UNESCO: kod źródłowy jak dziedzictwo
UNESCO, Organizacja Narodów Zjednoczonych do spraw Oświaty, Nauki i Kultury, wzywa rządy do ochrony kodu źródłowego. Apel zyskuje poparcie badaczy, uniwersytetów i archiwów na całym świecie. „Rola rozwoju oprogramowania we wszystkich dziedzinach innowacji jest nadal w dużym stopniu niedoceniana”, mówi Unesco.
Technologia cyfrowa stała się dla wielu niezbędnym narzędziem egzystencji społecznej, komunikacji, tworzenia, dzielenia się i jest coraz bardziej niezbędna do uzyskania dostępu do usług publicznych.
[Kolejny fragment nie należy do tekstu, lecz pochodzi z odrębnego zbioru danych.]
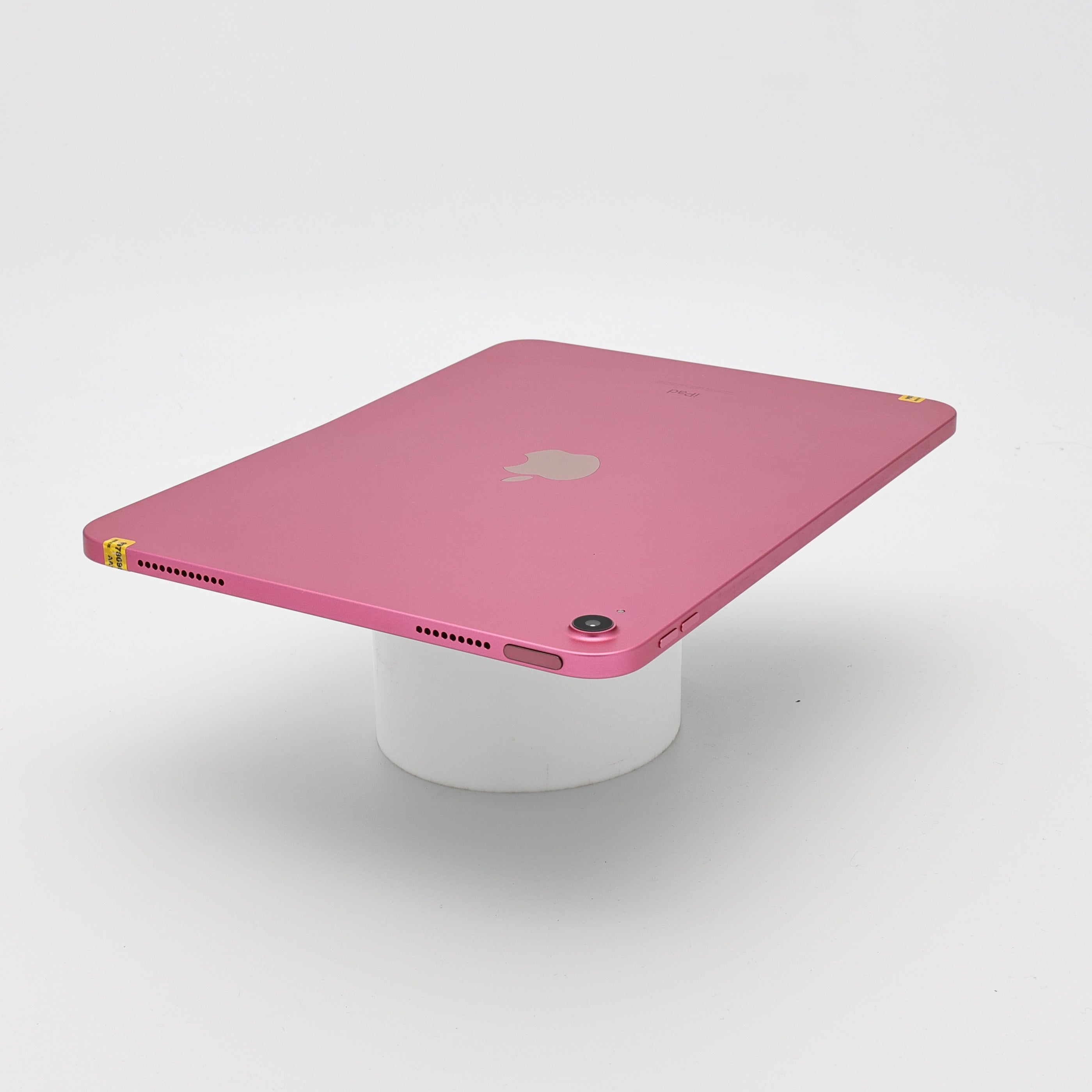 95新 Apple iPad 10代 256G 粉紅色 WIFI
Jednak rola tworzenia oprogramowania jest nadal w dużej mierze niedoceniana, podobnie jak uznanie kodu źródłowego oprogramowania jako wysiłku intelektualnego oraz jako nośnika i wyrażania części naszej wiedzy.
W komunikacie prasowym UNESCO wzywa rządy do poprawy dostępu do kodu źródłowego i do zwiększenia umiejętności obywateli, aby w pełni uczestniczyć w coraz bardziej połączonych społecznościach cyfrowych.
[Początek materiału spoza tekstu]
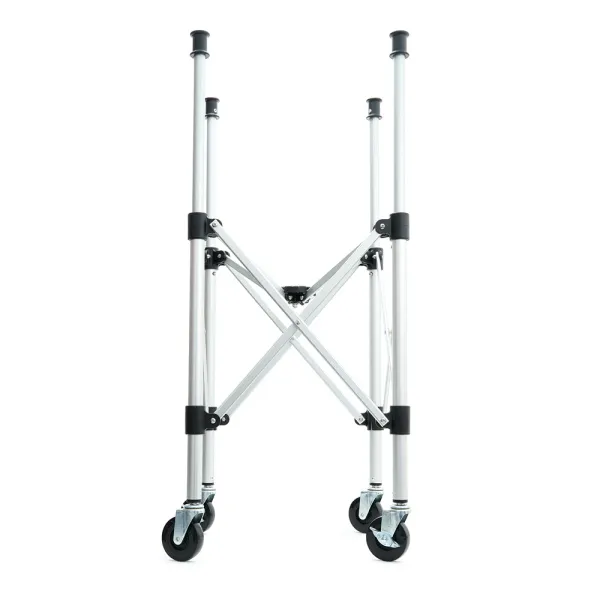 Корзина для теннисных мячей HEAD TT7003, на 125 мячей,с сумкой-переноской, складная, металл, черный за 6&nbsp;942.80 ₽ в Нижнем Тагиле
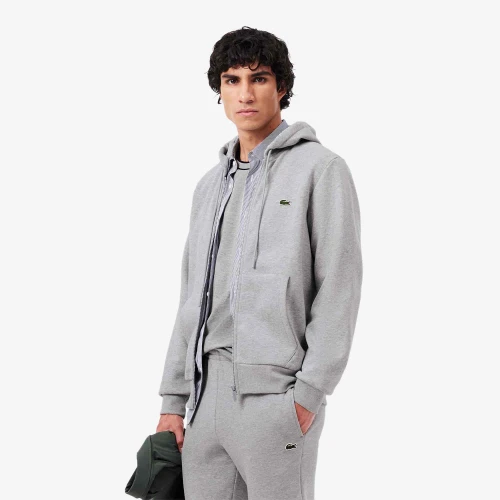 Lacoste Survêtement à capuche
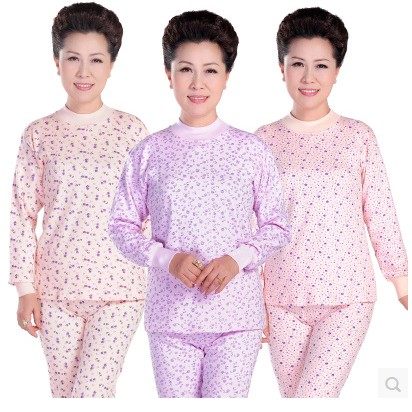 Sous-vêtement thermo Moyen-âge en coton - Ref 748691 Image 1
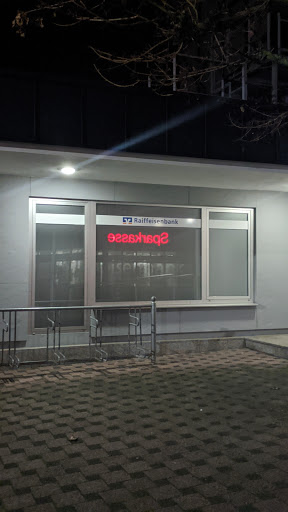 Sparkasse Hanau - BeratungsCenter Rodenbach - Thumbnail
W 2017 r. Unesco z siedzibą w Paryżu dołączyło do projektu Software Heritage rozpoczętego przez Inria, krajowy instytutu informatyki we Francji. Projekt Software Heritage ma na celu „zbieranie, indeksowanie, zachowanie i łatwy dostęp do kodu źródłowego oprogramowania, które leży w samym sercu naszej kultury”.
Powyższe w pewnym stopniu sankcjonuje hipisowksą koncepcję Open Source jako świadomości społecznej odpowiedzialnej za przyszłe pokolenia. W oświadczeniu UNESCO nie udało się uniknąć kanciastej poprawności politycznej i akcentuje się role twórców oprogramowania (i kobiet oraz mniejszości) i ich wkładu (i kobiet oraz mniejszości) w rozwój naszej cywilizacji. Archiwum Software Heritage agreguje kod źródłowy z wielu punktów sieci (Github, Gitlab, Gitorious, Debian, HAL, GNU, Google Code i inne). Tak stworzone archiwum można przeglądać, uzupełniać i pobierać.
Ku uciesze ludzkiej próżności muszę odnotować fakt, że jako „twórca” kilku pomniejszych projektów mimowolnie stałem się zbawcą ludzkości – a przynajmniej mój kod źródłowy też trafił do tej kapsuły czasu.